To provide a unified framework for the United Nations to address the issue globally, the UN Strategy and Plan of Action on Hate Speech defines hate speech as…“any kind of communication in speech, writing or behaviour, that attacks or uses pejorative or discriminatory language with reference to a person or a group on the basis of who they are, in other words, based on their religion, ethnicity, nationality, race, colour, descent, gender or other identity factor.”

 

Project Overview: Utilized Python to develop a machine learning model to predict hate speech in text data. The goal is to automatically identify and classify hate speech to improve content moderation and enhance online safety.

  • DELIVERABLES
  • Utilized Python to develop a cutting-edge machine learning model designed to accurately predict and classify hate speech in textual data.
  • Utilized natural language processing (NLP) techniques to preprocess and analyze large datasets, including tokenization, stemming, and lemmatization.
  • Incorporated advanced feature extraction methods, including word embeddings and sentiment analysis, to improve classification accuracy and sensitivity.

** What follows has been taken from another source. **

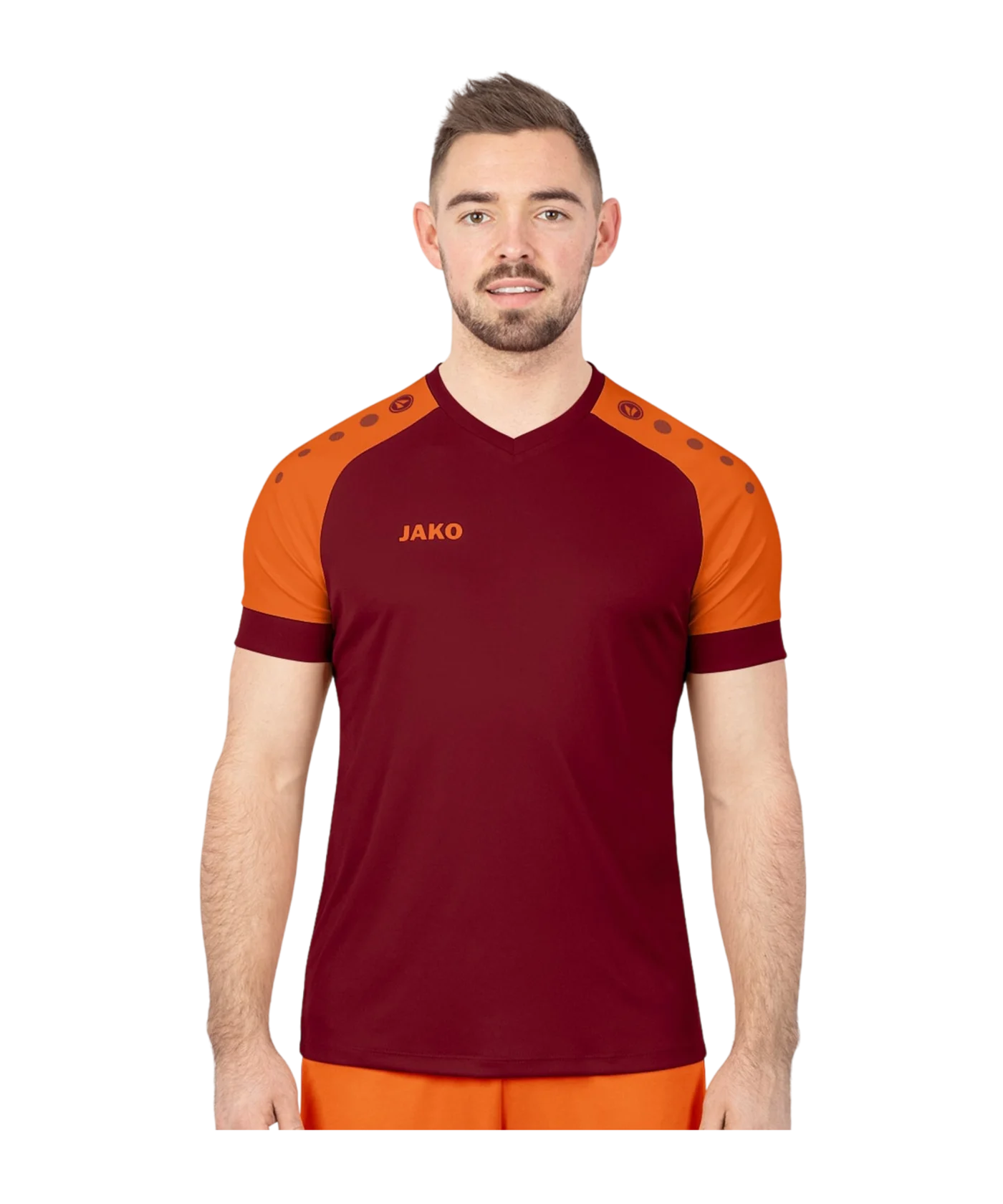 JAKO Champ 2.0 Trikot kurzarm Kids Rot F13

  • Designed and executed extensive data cleaning and augmentation strategies to ensure the robustness and diversity of the training dataset.

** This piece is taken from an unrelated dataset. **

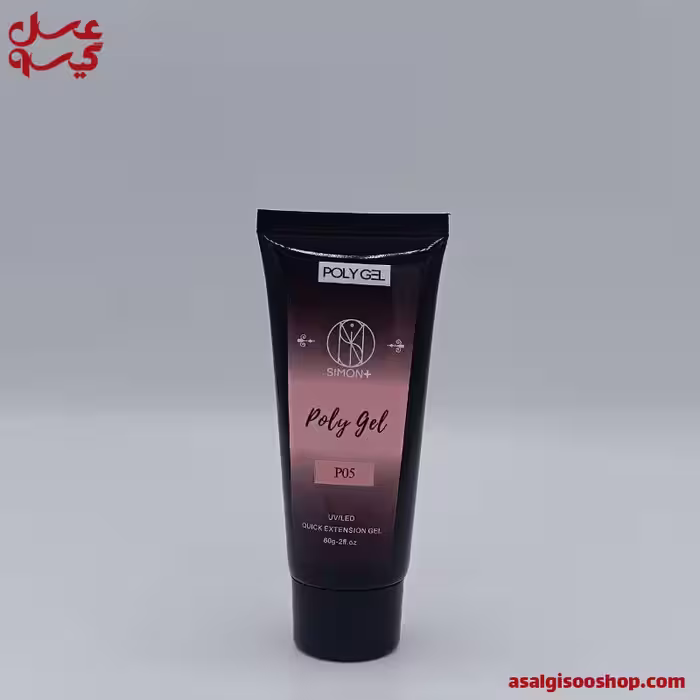 پلی ژل کاشت ناخن سیمون 05 | کد 2840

  • Visualized some common hate and offensive words using WordCloud.
  • Applied supervised learning techniques, leveraging labeled datasets to train the model and fine-tune its performance using cross-validation and hyperparameter optimization.
  • Developed a scalable model architecture capable of processing and analyzing real-time text data, providing timely detection and response to potential hate speech incidents.
  • Evaluated model performance using metrics such as precision, recall and F1-score, achieving high accuracy and reducing false positives/negatives.
  • Produced comprehensive documentation and reports detailing the model's development process, performance metrics, and implementation strategies.
  • Compared various regression models to arrive at a model with an accuracy of 89.55%.
  • ANALYSIS IMPACT
  • The hate speech prediction system uses text preprocessing, feature extraction, and various classification algorithms to identify and classify hate speech in text data. By implementing and deploying this model, organizations can enhance online safety and improve content moderation processes.